Clubabend Mai mit Dr. Wladimir Augustinski und Julia Burayeva

„Interessantenweise schätzen die Leiter deutscher Unternehmen in Belarus die allgemeine wirtschaftliche Lage des Landes als angespannt bis sehr schwierig ein, sehen aber für ihr eigenes Unternehmen durchaus Perspektiven“. Das war eine der nicht selbstverständlichen Erkenntnisse aus der Umfrage unseres Mitglieds und Partners, der Repräsentanz der Deutschen Wirtschaft in Belarus (RDW), unter den deutschen Unternehmen zum Geschäftsklima in Belarus. Diese Umfrage, genannt Geschäftsklimaindex und bereits zum sechsten Mal durchgeführt, beinhaltet eine ganze Reihe von Fragestellungen mikro- und makroökonomischer Natur und liefert ein vielschichtiges Bild der Wahrnehmung von wirtschaftlichen Faktoren seitens der deutschen Unternehmen.

Die Vorstellung der Umfrageergebnisse im Rahmen eines Clubabends durch den Leiter der RDW, Dr. Wladimir Augustinski ist inzwischen zu einer schönen Tradition geworden, die zur Freude der Clubmitglieder auch in diesem Jahr ihre Fortsetzung gefunden hat. Die Resonanz seitens der Mitglieder war gewohnt hoch; im Anschluss an den Vortrag entwickelte sich eine dynamische und interessante Diskussion zwischen dem Vortragenden und den Clubmitgliedern – viele von ihnen in ihrer Funktion als Leiter eines deutschen Unternehmens vor Ort selbst Teilnehmer der Umfrage. Dabei wurden einzelne Aspekte, wie z.B. die Bewertung der Mitarbeiterqualifikation, aber auch die des Arbeitsrechts noch einmal tiefgehender analysiert.

Den Vortrag zum Geschäftsklimaindex rundete Dr. Augustinski mit einer Vorstellung der aktuellen und geplanten Veranstaltungen und Aktivitäten der RDW in diesem Jahr ab.

Anschließend informierte die Direktorin des Informationszentrums der Deutschen Wirtschaft IOOO Julia Burayeva in einem Vortrag über das Servicespektrum des Informationszentrums der Deutschen Wirtschaft IOOO. Dieser verlängerte Arm des DIHK-Netzwerks bietet Leistungen für bereits im Lande tätige oder einen Einstieg erwägende deutsche Unternehmen – von der Informationsbeschaffung bis zur Projektbegleitung – so dass es sicherlich auch hier Synergien und Möglichkeiten zur Kooperation mit einzelnen Clubmitgliedern geben wird.

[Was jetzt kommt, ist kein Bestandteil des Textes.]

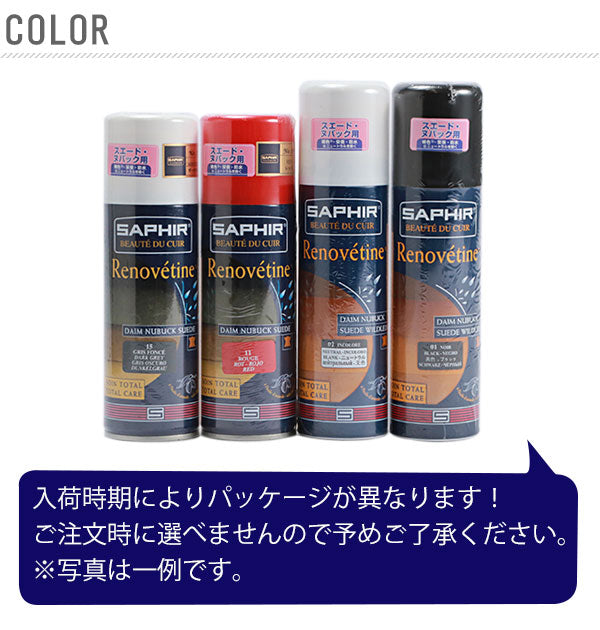 【06.ネイビーブルー・200ml】 サフィール SAPHIR 9550204 革ケア 定番 油分補給 靴 保護 防水 スエード 本革 補色 革製品 200ml レザーケア シューケア お手入れ 革靴 スプレー 色 補修 レノベイティング スエード＆ヌ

Mitglieder finden die vollständigen Präsentationen beider Vortragenden zum Nachlesen hier.

Den Abschluss des Abends bildeten wie gewohnt interessante und offene Gespräche zwischen den Clubmitgliedern und unseren Ehrengästen, bei denen sowohl die Vortragsthemen, als auch aktuelle Themen aus Wirtschaft, Politik und Gesellschaft zur Sprache kamen.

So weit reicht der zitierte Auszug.